The consolidated financial statements have been prepared based upon conditions existing at 30 June 2019 and considering those events occurring subsequent to that date, that provide evidence of conditions that existed at the end of the reporting period. As the outbreak of COVID-19 occurred after 30 June 2019, its impact is considered an event that is indicative of conditions that arose after the reporting period and accordingly, no adjustments have been made to consolidated financial statements as at 30 June 2019 for the impacts of COVID-19.
There have been no other significant events occurring after the reporting period which may affect either the Group's operations or results of those operations or the Group's state of affairs.

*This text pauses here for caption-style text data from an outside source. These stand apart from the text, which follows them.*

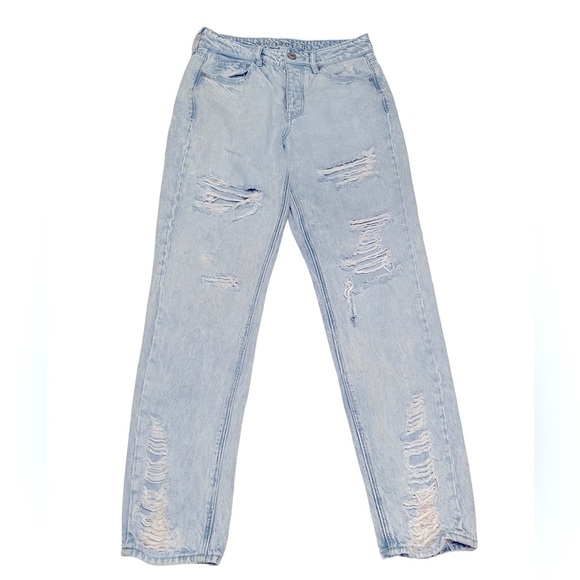 American Eagle Hi-Rise Tomgirl jeans, light wash, destroyed, size 4 long - Picture 1 of 9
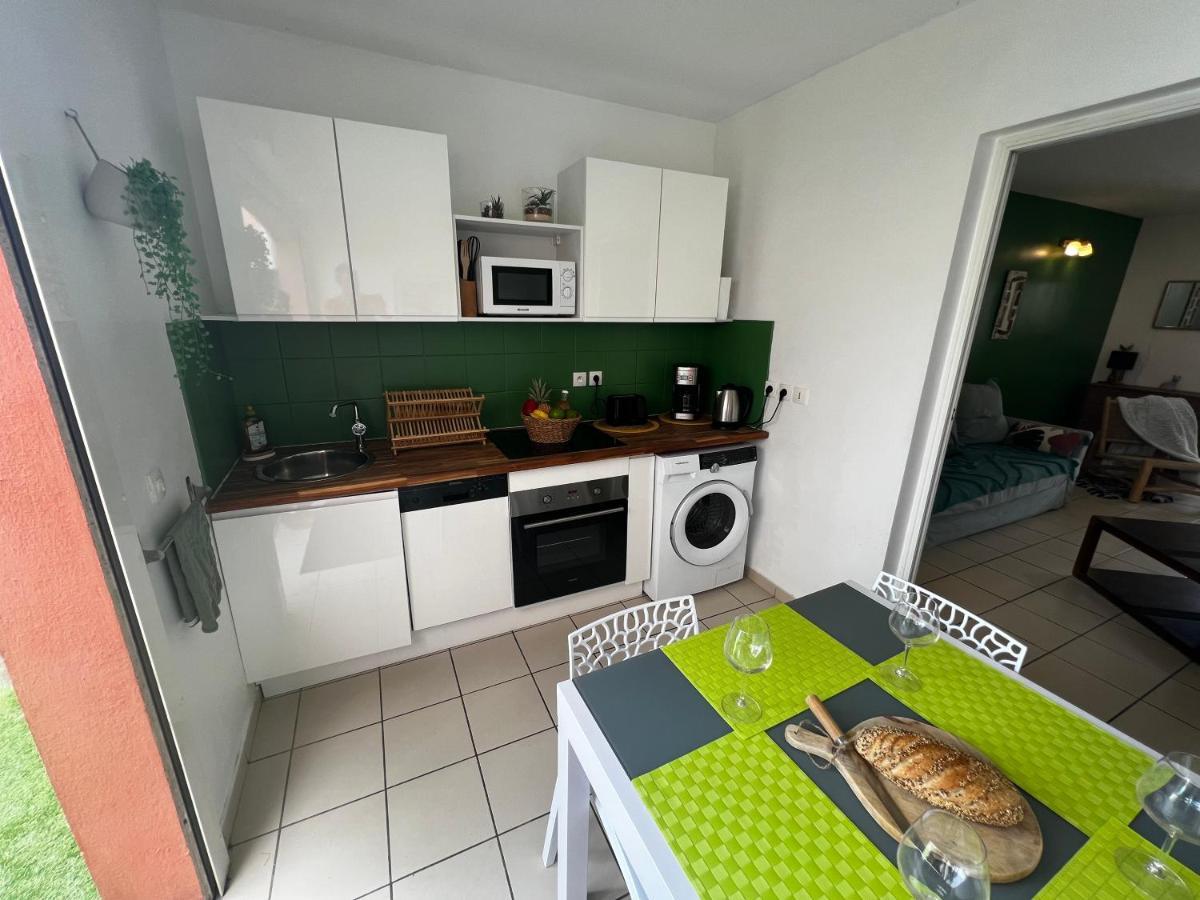 Marina Et Piscine 4-5 Pers * Saint-Francois (Grande-Terre)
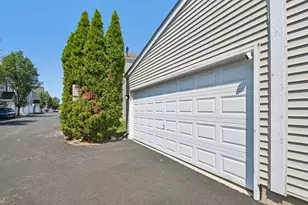 807 Serendipity Dr, Aurora, IL 60504 - Photo 37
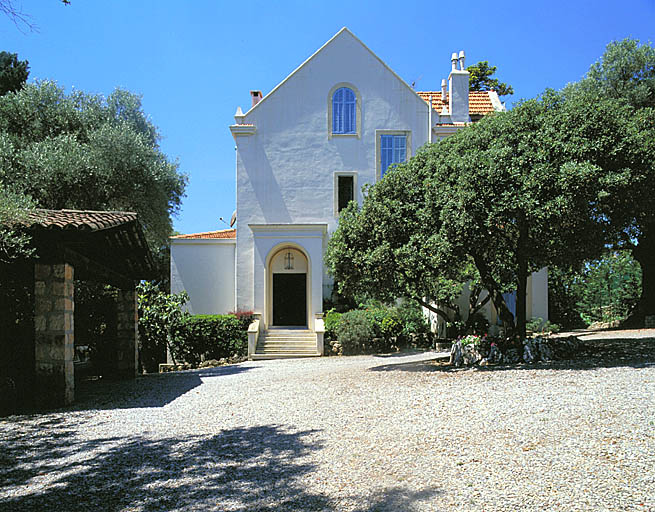 La villa. Façade antérieure est. Vue d'ensemble prise depuis l'avenue d'accès.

Likely developments and expected results
Likely developments in the operations of the Group and the expected results of those operations in future financial years have not been included in this report as the inclusion of such information is likely to result in unreasonable prejudice to the Group.
Environmental regulation and performance
The Group is not subject to any particular or significant environmental regulation under laws of the Commonwealth or of a State or Territory.
Share options
Share-based payments
As at the date of this report, there were 7,000,000 unissued ordinary shares under options. Refer to Note 14.2 of the financial report for further details of the options outstanding.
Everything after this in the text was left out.